For those ready to start their chainsaws, Abraham suggests that next year should bring releaf, unless we get another wet spring.

"It’s more an aesthetic concern. It won’t necessarily kill the trees unless it hits the trees multiple years, and then it could possibly cause some mortality."

It’s ironic that, in the middle of a drought cycle, too much moisture is getting the blame for the Marssonina outbreak. But Abraham says the prolonged drought may be making the trees more vulnerable to insects and disease.

"What really affects the aspen trees is our snowpack … So, if we have a winter where we don’t have a lot of snowpack, that can really put a lot of stress on the aspen trees, because they don’t have the water reserves to build off of If we see another winter like we did last year, definitely those trees located on the lower elevations, south-facing aspect, are trees that will definitely be stressed."

According to one study cited by the U.S. Forest Service, native aspens also vary in their resistance to the Marssonina fungus depending on their clone. (Because native aspens propagate by sending out root runners, they are often genetically identical to the trees next door.
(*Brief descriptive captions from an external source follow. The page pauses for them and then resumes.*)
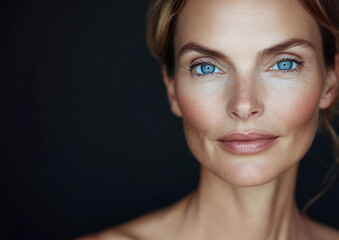 Beauty photo of natural beauty middle age woman with natural makeup and hairstyle on black background.Macro.AI Generative.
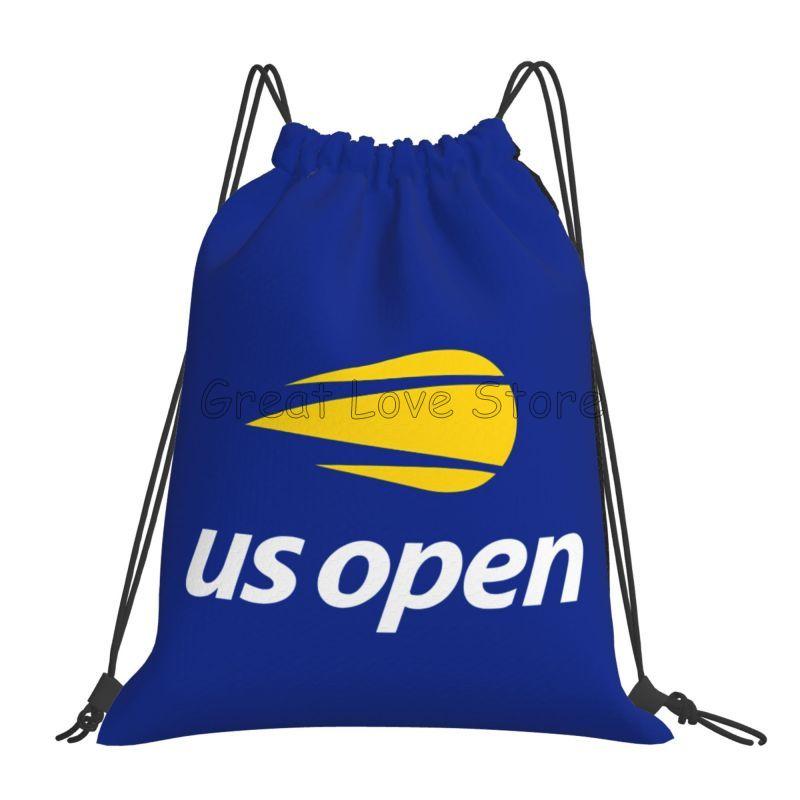 

US Open Tennis Print Drawstring Backpack Bags Lightweight Belgian Electronic Dance Music Gym Sports Sackpack Sacks for Training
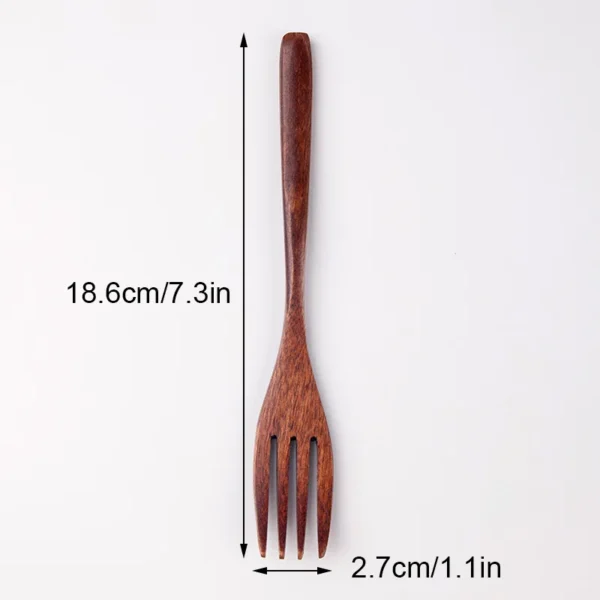 Fourchette en bois de bambou pour cuisine, ustensile de table, idéale pour desserts, salades, cadeau de maison – Image 7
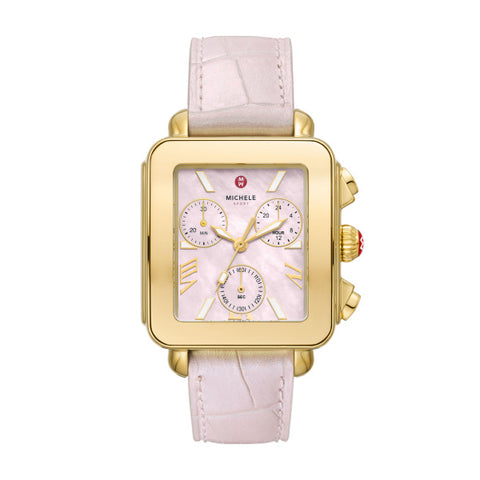 Deco Sport Chronograph 18K Gold-Plated Pink Leather Watch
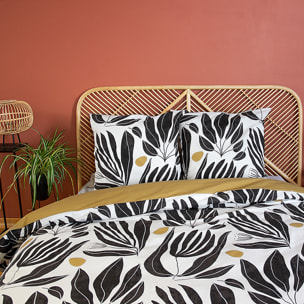 Parure de lit. 100% coton motif feuillage - blanc et jaune moutarde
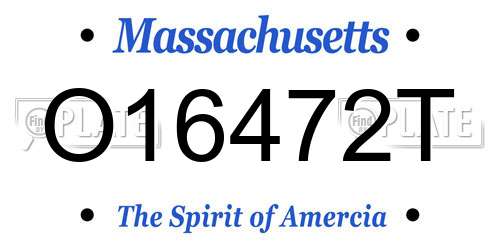 O16472T Massachusetts License Plate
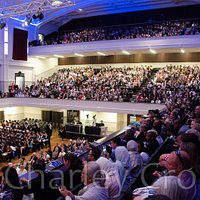 Looking back in the auditorium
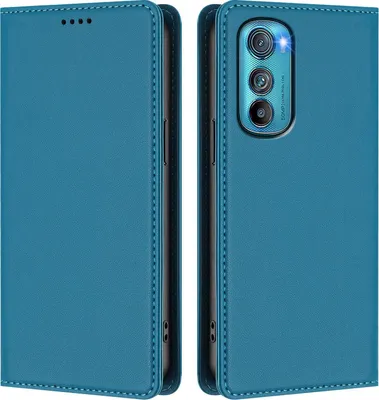 Obrázek produktu pro Kožené pouzdro pro Motorola Edge 30, magnetické flipové pouzdro zPolyuretankůže se stojánkem Jezerní modrá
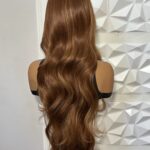 HD Lace 30 inch Loose Body Wave Wig Brown Highlight Heat Safe Human Hair Blend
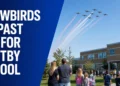 Snowbirds Flypast Planned Over Whitby School Canadian aerobatic aircraft flying over a Whitby schoolyard during a commemorative flypast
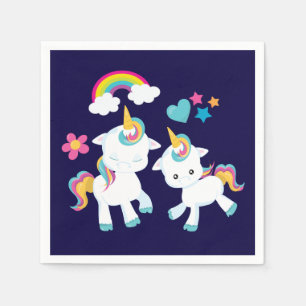 Serviette En Papier Cute Dancing Unicornes Magique Arc-en-ciel & Étoil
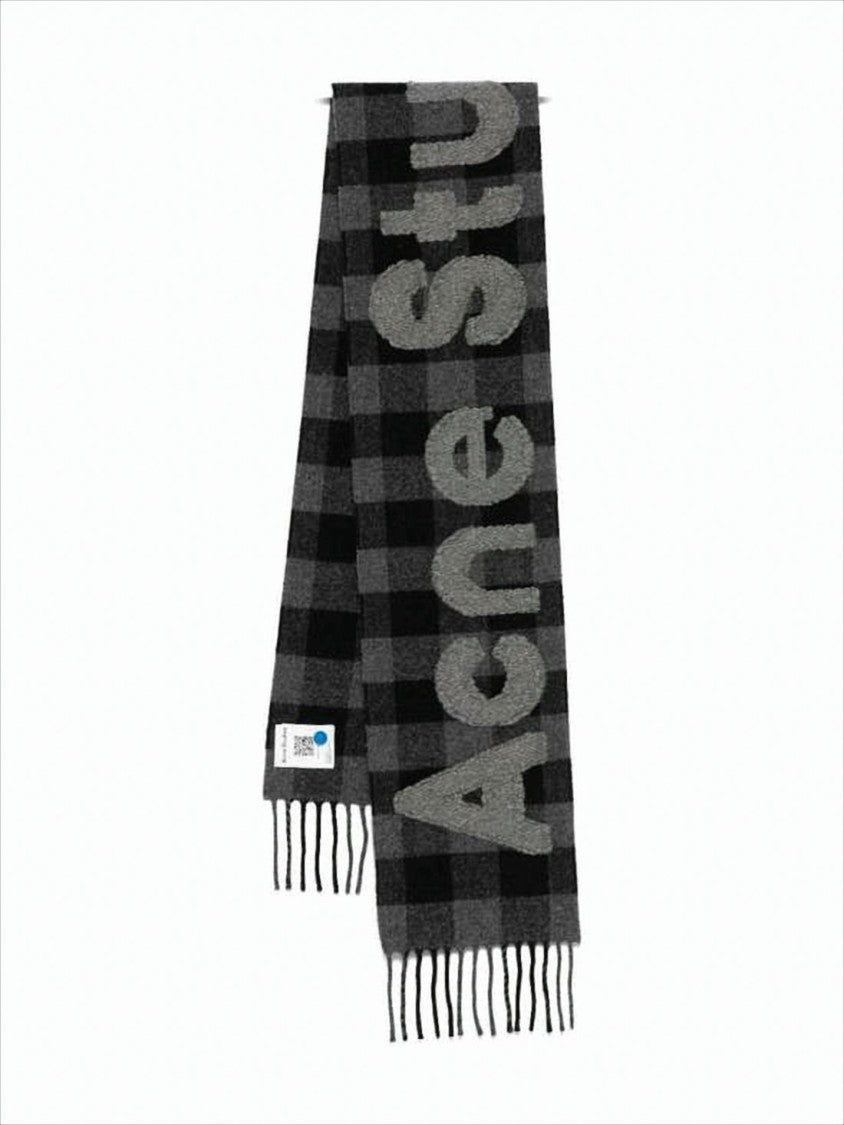 Acne Studios Classic Checkered Wool Scarf With Fringed Tassels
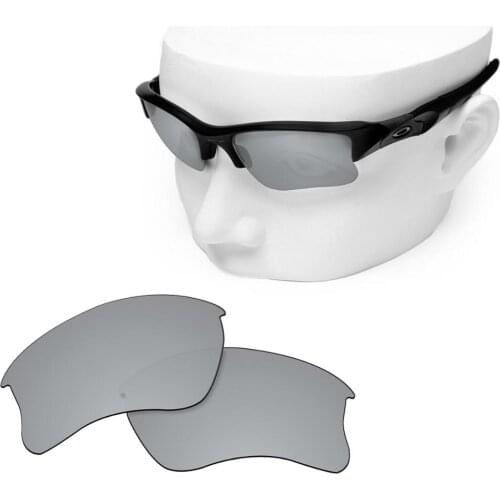 OOWLIT Polarized Replacement Lenses of Silver Mirror for-Oakley Flak Jacket XLJ Sunglasses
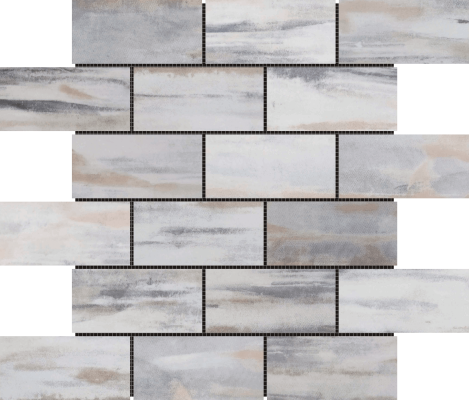 2"x4" (12"x12") Cloudy Harmony Glazed Ceramic Brick Mosaic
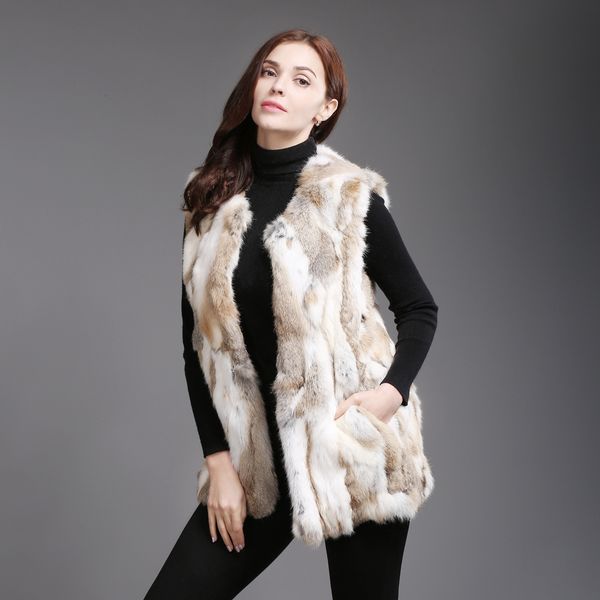 trade services of the female rabbit women's clothing vest 100% natural sleeveless skin jacket 2020 new fashion real winter, Black 
trade services of the female rabbit women's clothing vest 100% natural sleeveless skin jacket 2020 new fashion real winter, Black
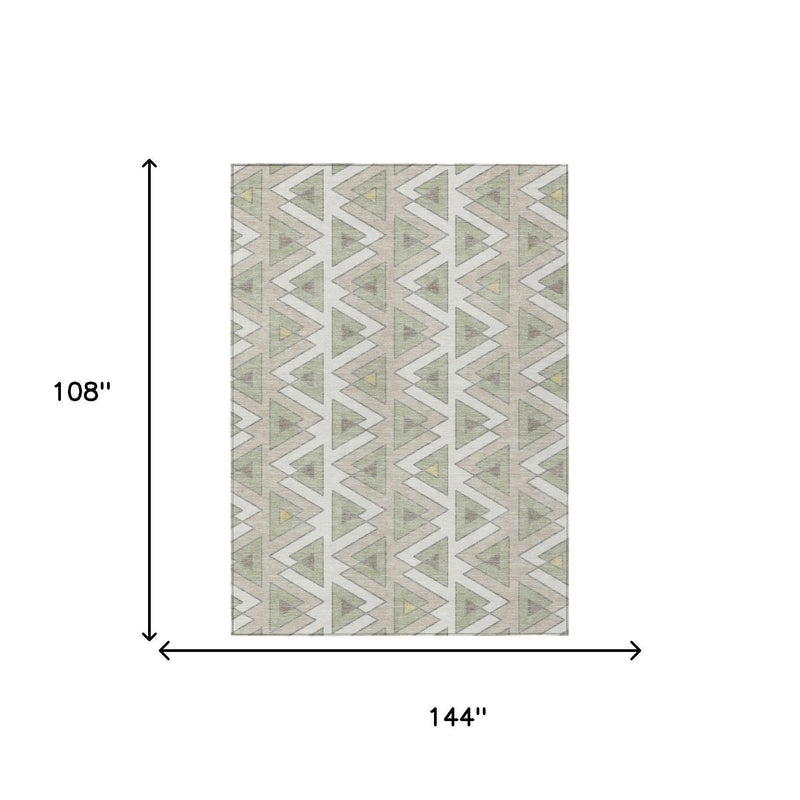 9' X 12' Ivory And Beige Geometric Washable Indoor Outdoor Area Rug Homeroots Outdoor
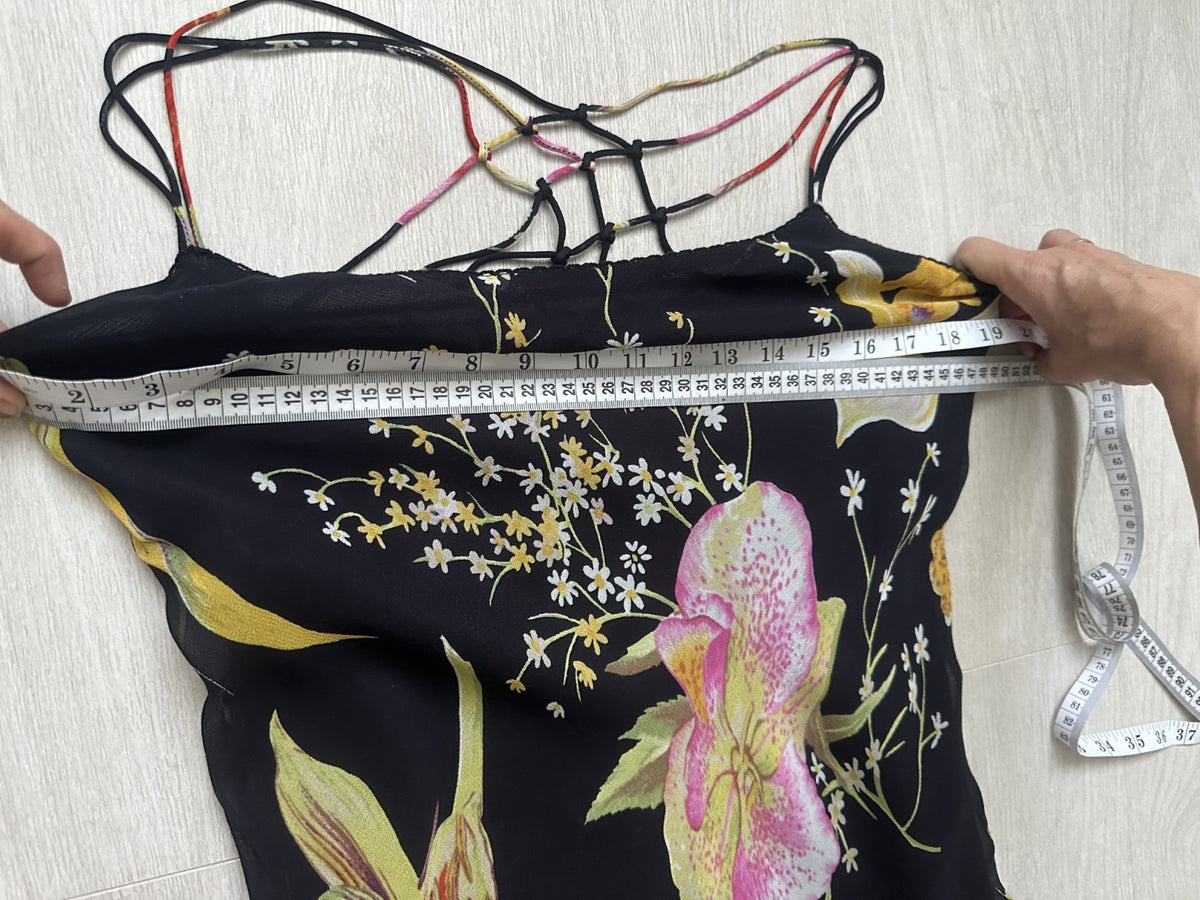 René Derhy Y2K Floral Spider Back Midi Dress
So clumps of wild aspens often react to the fungus in concert with their neighbors.)

Abraham says that not much can be done to attack the fungus in the mountains. However, for homeowners with infected aspens on their property, he does have some advice: rake up the dead leaves and get rid of them.

"That will reduce the fungus that winters on the leaves and then decrease the chances of that happening the following year," he said.

"And also, if they have a really dense pocket of aspen, increasing the spacing between those trees or pruning the lower branches, so that there is more air-flow movement going through those trees, will also decrease the chance of the trees being attacked by the fungus."

Utah State University Extension tree experts also says that sprinkler irrigation should be strictly avoided because the splashing water spreads the fungal spores. However, experts have mixed opinions on the use of fungicides against Marssonina.

Abraham will be at the 6th annual Recycle Utah Harvest Fest at the High Star Ranch in Kamas on Saturday, Oct. 3, where, he says, he will be happy to answer questions.